WHAT YOU WILL DO: For the records below, copy exactly the span that begins at the line containing "Used 2025 Pearl Toyota XLE image 3" and stops after the line containing "3rd image of 521 SE Date Avenue", minus any pictures.

TASK MATERIAL:
::::::::::

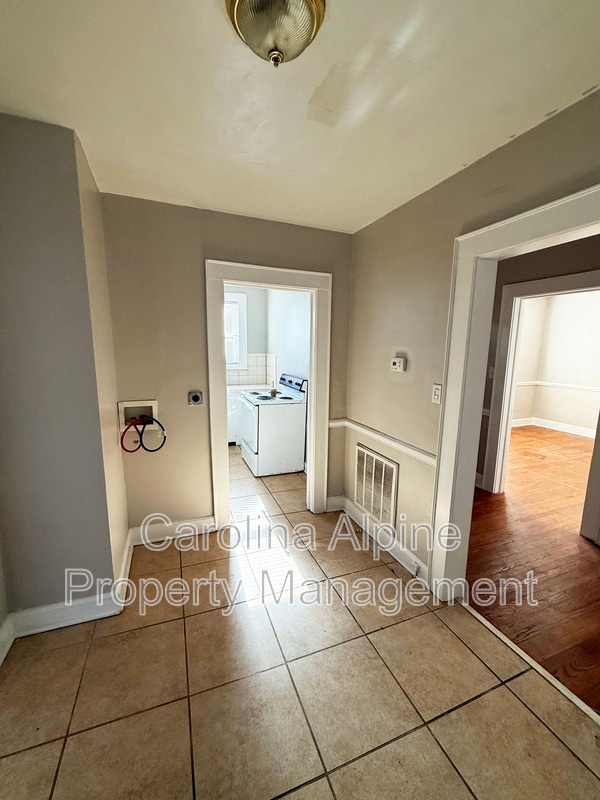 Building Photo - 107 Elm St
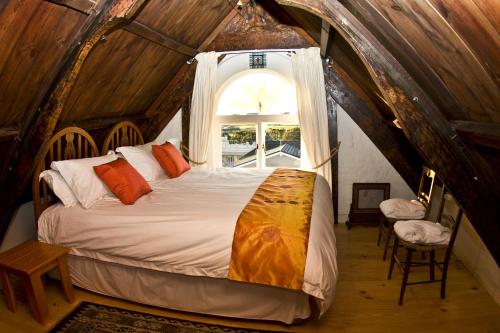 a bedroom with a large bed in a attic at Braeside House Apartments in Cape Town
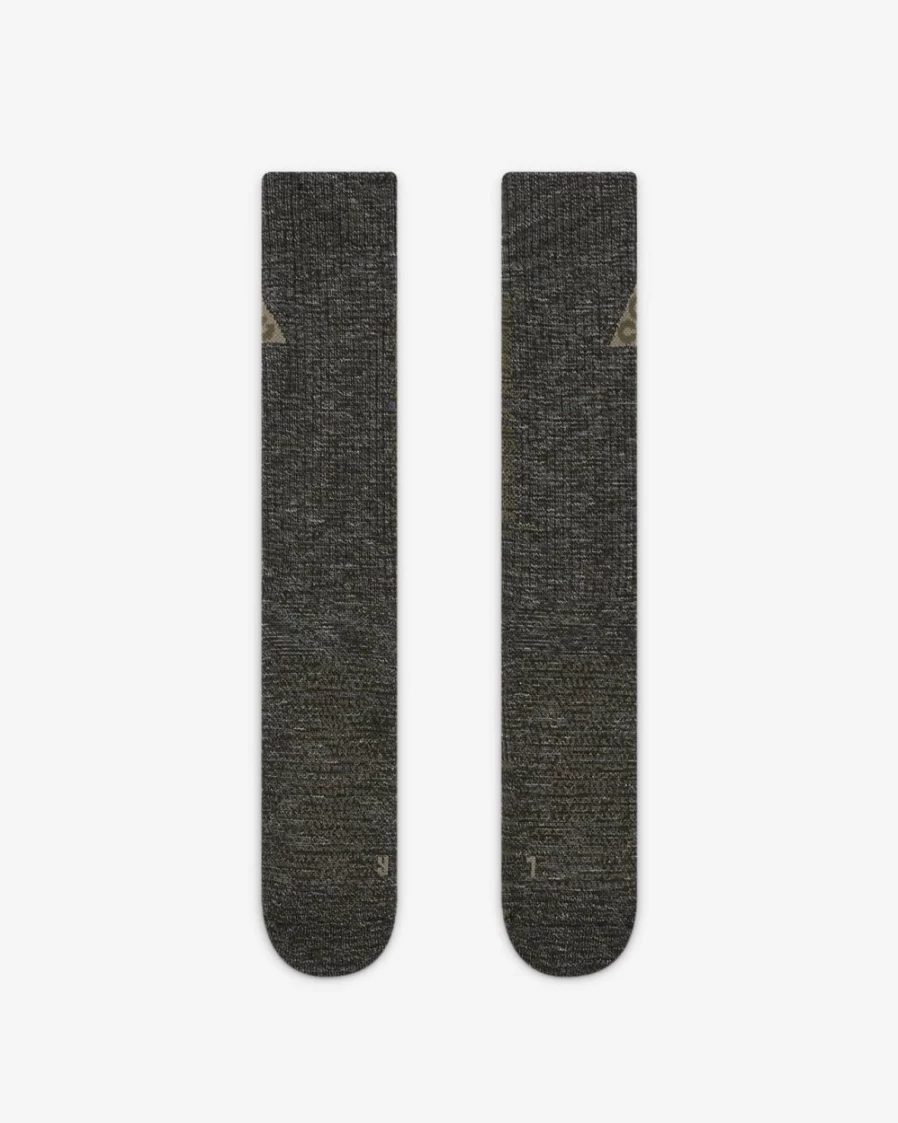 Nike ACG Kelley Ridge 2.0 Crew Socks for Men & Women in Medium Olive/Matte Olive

::::::::::

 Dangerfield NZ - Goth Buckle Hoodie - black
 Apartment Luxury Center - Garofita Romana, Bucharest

::::::::::

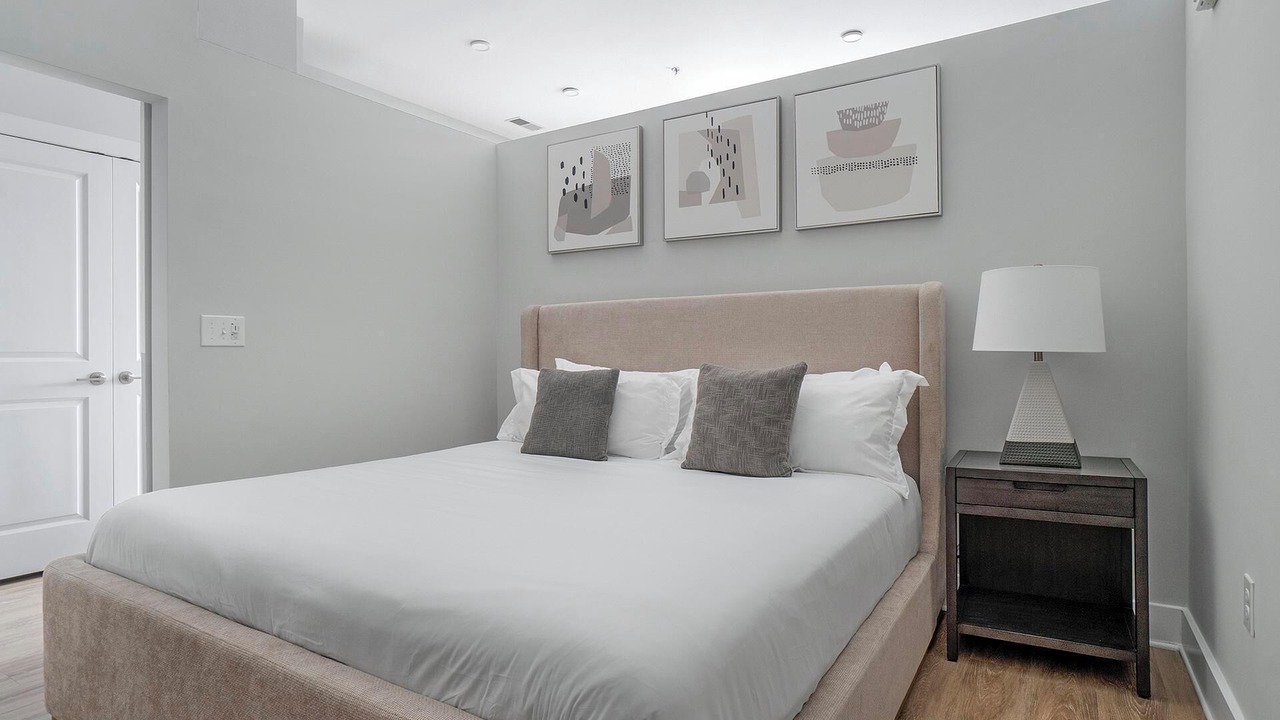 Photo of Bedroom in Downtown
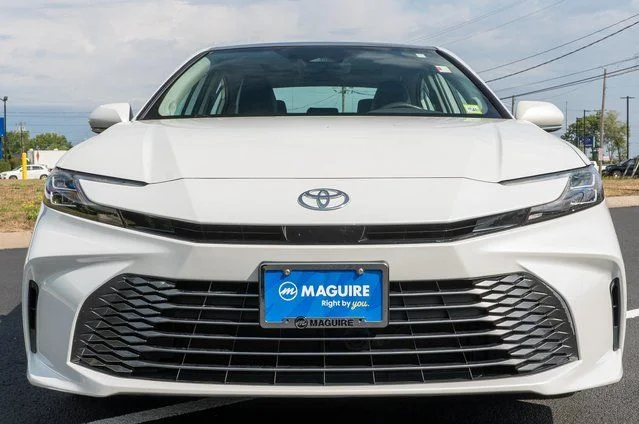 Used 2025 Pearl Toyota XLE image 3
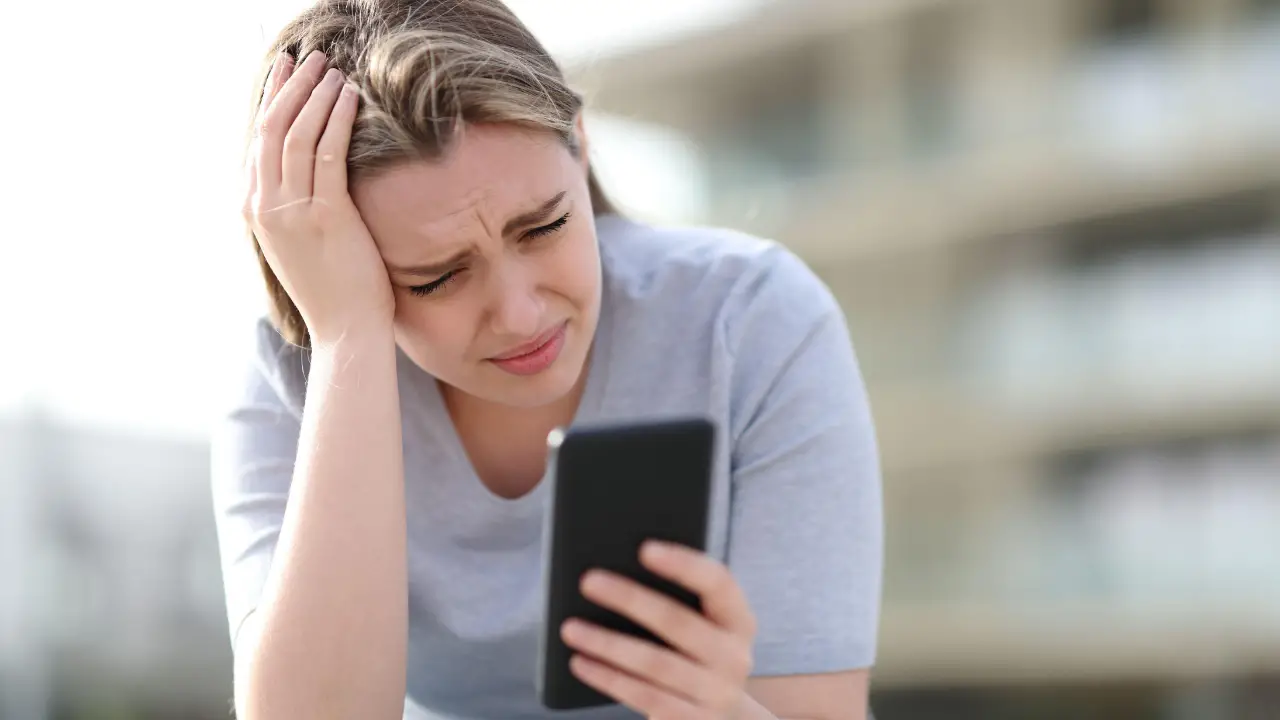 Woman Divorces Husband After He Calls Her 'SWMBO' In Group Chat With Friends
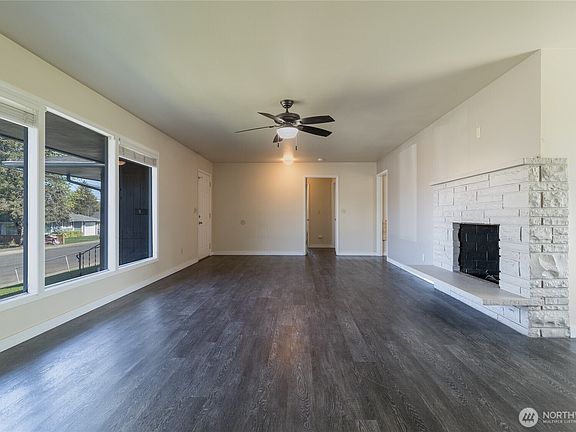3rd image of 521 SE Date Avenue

::::::::::

EXERCISE ANSWER:
 Used 2025 Pearl Toyota XLE image 3
 Woman Divorces Husband After He Calls Her 'SWMBO' In Group Chat With Friends
3rd image of 521 SE Date Avenue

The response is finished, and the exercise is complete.